To much to control in this way. I would be unable to control using a broadcast spreader. thanks brian


----------



## Green (Dec 24, 2017)

MChang said:


> Green said:
> 
> 
> > Put down pre-M everywhere except where you're Spring seeding. Leave about 6 inches around each spot in case. Then apply a pre-M once you're able again. It's really that simple.
> ...


It can be done.


----------



## MChang (Aug 8, 2021)

Green said:


> MChang said:
> 
> 
> > Green said:
> ...


Not for me.


----------



## macattack (Nov 2, 2020)

Use a cardboard box as a barrier/shield for those areas you want to seed next year, when applying the pre-emergent. Depend on how big or small these areas are, but after watering in, the pre-emergent doesn't migrate far in the soil. Enough to seed.


----------



## Kissfromnick (Mar 25, 2019)

Why not to do dormant seeding or light top dressing with soil after spring pre-m and then seeding.


----------



## BurtMacklinFBI (Jul 17, 2021)

I'm in the same boat as you and asked the same question haha. Last year I skipped overseeding till fall and laid down a pre-emergent. I have thin areas not patches and honestly the lawn looked great all summer going thus route (once it greened up and got thicker) Then fall came and I did my usual overseed which helped a lot.

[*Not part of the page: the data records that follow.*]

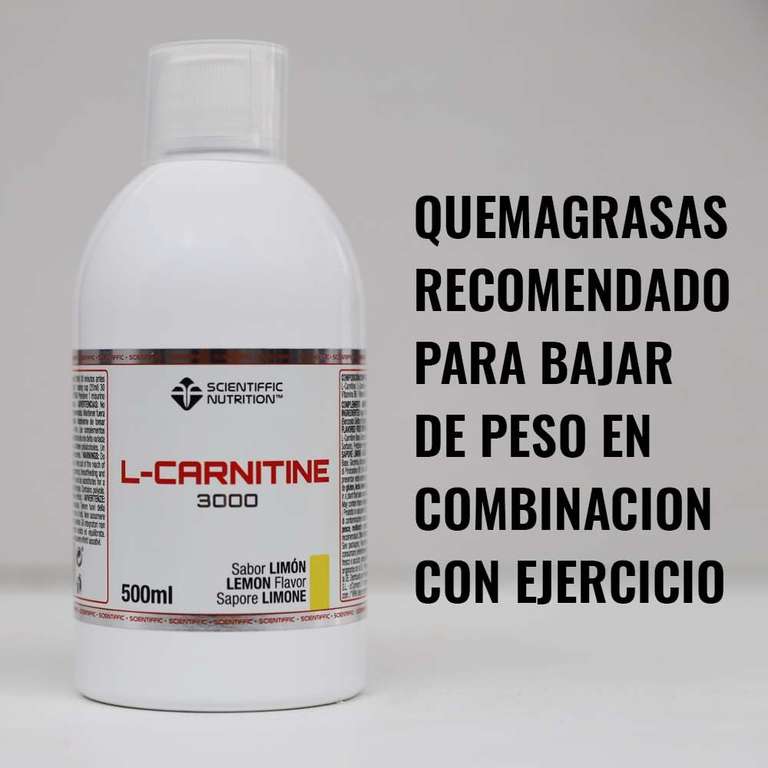 L-Carnitine 3000mg 500ml Limn at Amazon, 10.30 | Chollometro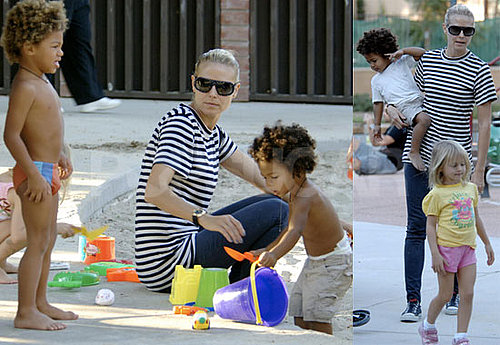 Photos of Heidi Klum with Johan, Henry and Leni in LA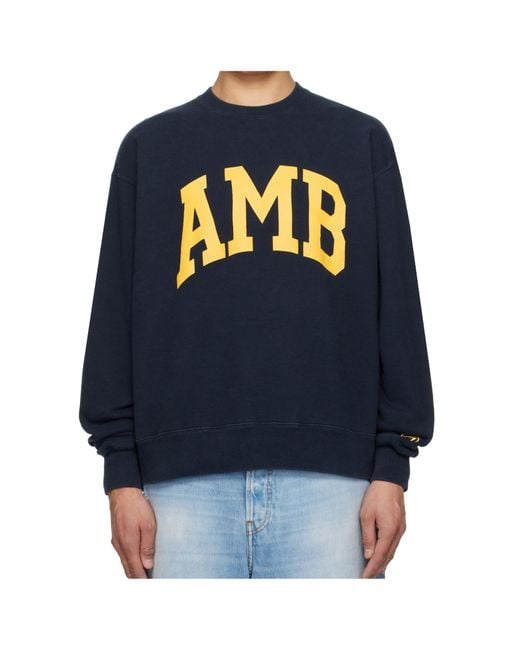 Ambush Blue Crew Neck Sweatshirt for men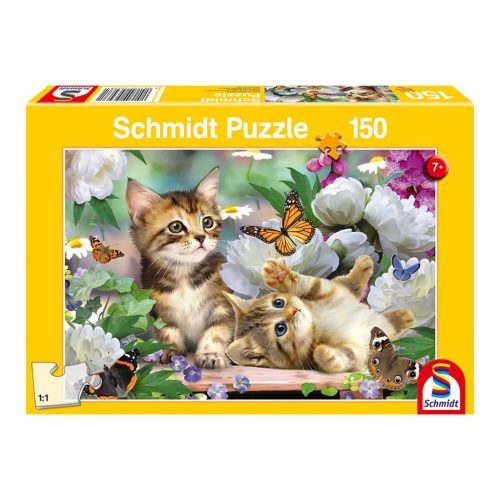  Schmidt Spiele Playful Kittens, 150 db (56468) Gyerek kirakó 
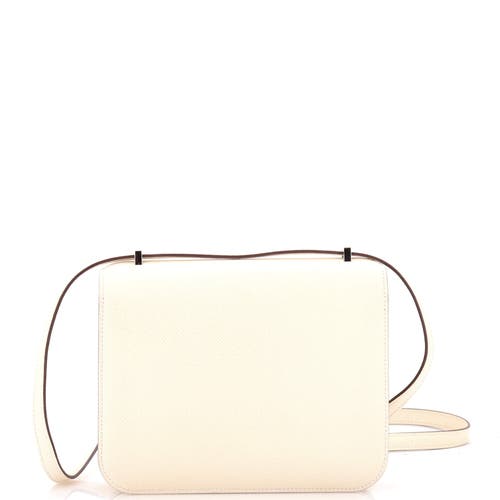 Pre-owned Hermes  Hermes Constance Bag Epsom 18 In Neutral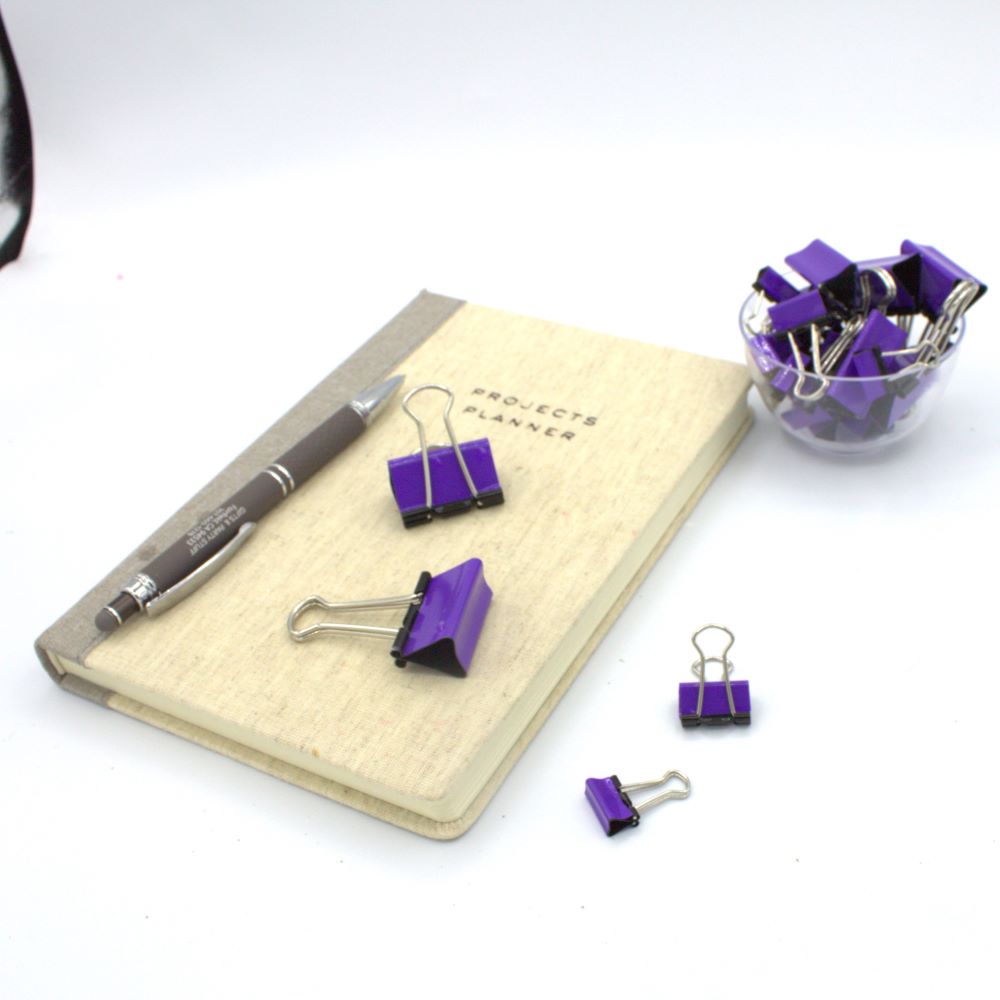 Purple Binder Clips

Now after this falls overseed, I found a lot more thin areas (because I brought in a lot of top soil to level out certain areas which got seeded when I did the overseed) So I'm in the same boat again this year haha. This spring I'm just gonna get seed down as early as possible, I have Tenacity on hand ready to go down at the same time as the seed.

Due to how the thin areas are, its just impossible for me to avoid those areas with pre-emergent and overseed at the same time. I have all winter to figure out the exacts but once the seed is established I'll be following up with prodiamine. Just gatta sit down and read my labels and write up a schedule.


----------